Ok, I found these slides and I believe we are on the same page, so to speak:

http://hyperdex.org/slides/2012-04-13-HyperDex.pdf

Quote:

What CAP really says: - if you cannot constrain your faults in any way, - and your requests can be directed at any server, - and you insist on serving every request, - then you cannot possibly be consistent.

No shortage of systems that preemptively give up on C, A, and P, especially C

End quote.

I think that's exactly correct.

Which leaves me with a nearly impossible problem. But it sure is fun to work on!

rescrv · on June 25, 2012

HyperDex performs best in a single-datacenter environment. You are right that synchronous replication between datacenters can (and likely will) be slow.

There's much work on this (my favorites are Walter and COPS from SOSP 11) that is on-going. We'll likely be throwing our hat into the ring soon as well.

You are right that pushing some logic to the "thick client" is one of the viable solutions.

Feel free to contact us as you work on your PoC. We'd love to hear about positive results and help with any rough patches you encounter.

rdtsc · on June 25, 2012

Thanks for explaining. Your project looks very interesting. I will be definitely following it.

Can you explain some more about how node failure are handled? And whether there is a way to tune that. I.e more about the phrase "less than f nodes fail at any give point in time".

Is that tunable and how dynamic is that. (Set once or dynamic setting? Also set per running cluster, per name space, per key-value pair?)

Also, how is this f number related to the total number of machines in the cluster and how is it related to the number of data replicas?

rescrv · on June 25, 2012

f is the number of failures that the system can tolerate.
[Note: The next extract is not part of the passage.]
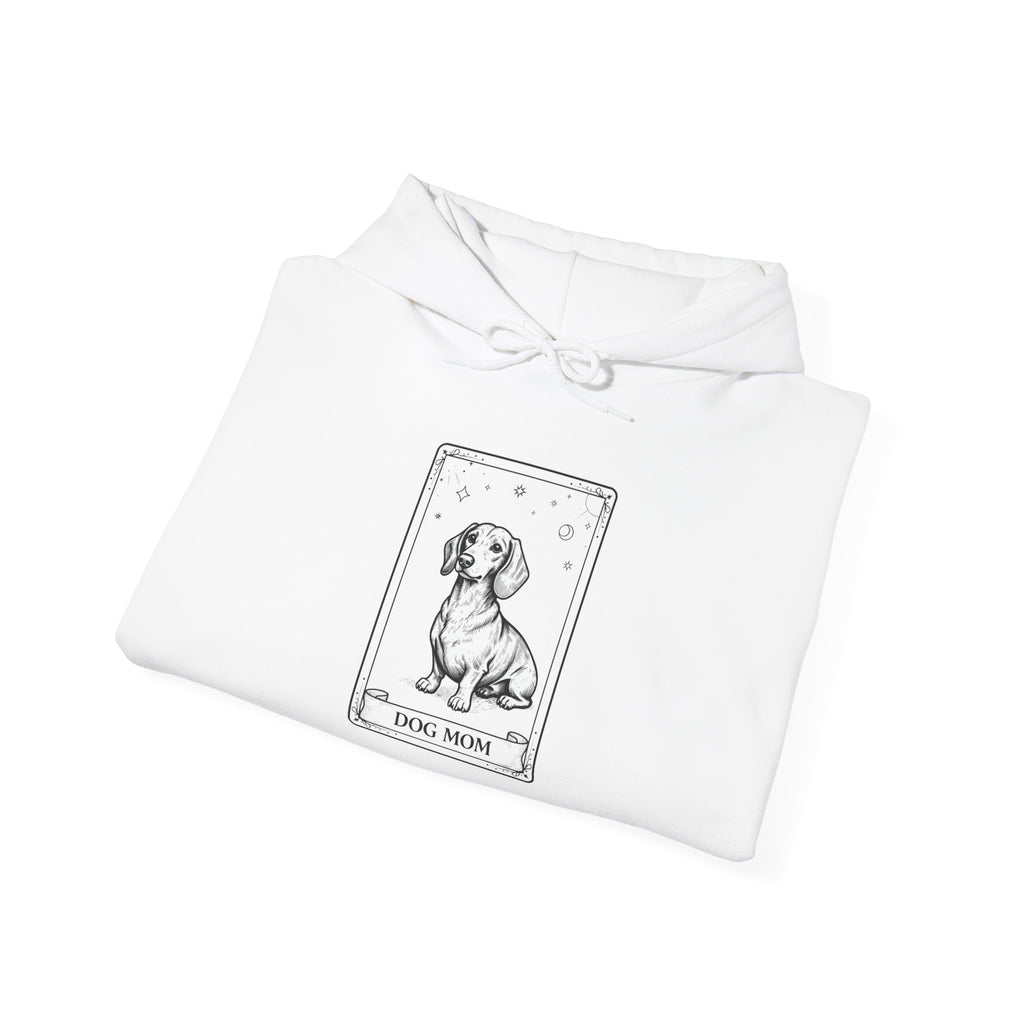 Dog Mom Hoodie | Dog Mom Vintage Tarot Style Dachshund Graphic Hoodie | Cute Unisex Dog Lover Shirt Gift Illustration Hoodie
Typical systems can tolerate f failures with either (f+1) or (2f + 1) replicas.

HyperDex can tolerate f failures with f+1 replicas. This failure threshold is per region of the hyperspace. Within each region, servers are arranged in a chain. As servers fail they are removed from the chain. As new servers come into the cluster they are appended to the end of one or more chains. The "less than f nodes fail at any given point in time" translates to "at least one node in the chain is alive". Notice that chains are of length f+1 while only f nodes can fail, guaranteeing that one node is alive.

This will be tunable parameter. Right now, it is set when a new space is created, but in an upcoming release this will be totally dynamic and changeable on a per-region (of the hyperspace) basis.

I'd recommend f values of at most three. If failures are totally independent, this will be sufficient to last for millions of years. Thus, it is independent of the number of machines (once you have a sufficient number of machines).

DennisP · on June 25, 2012

"If failures are totally independent"...that's sometimes a big if, especially on cloud providers.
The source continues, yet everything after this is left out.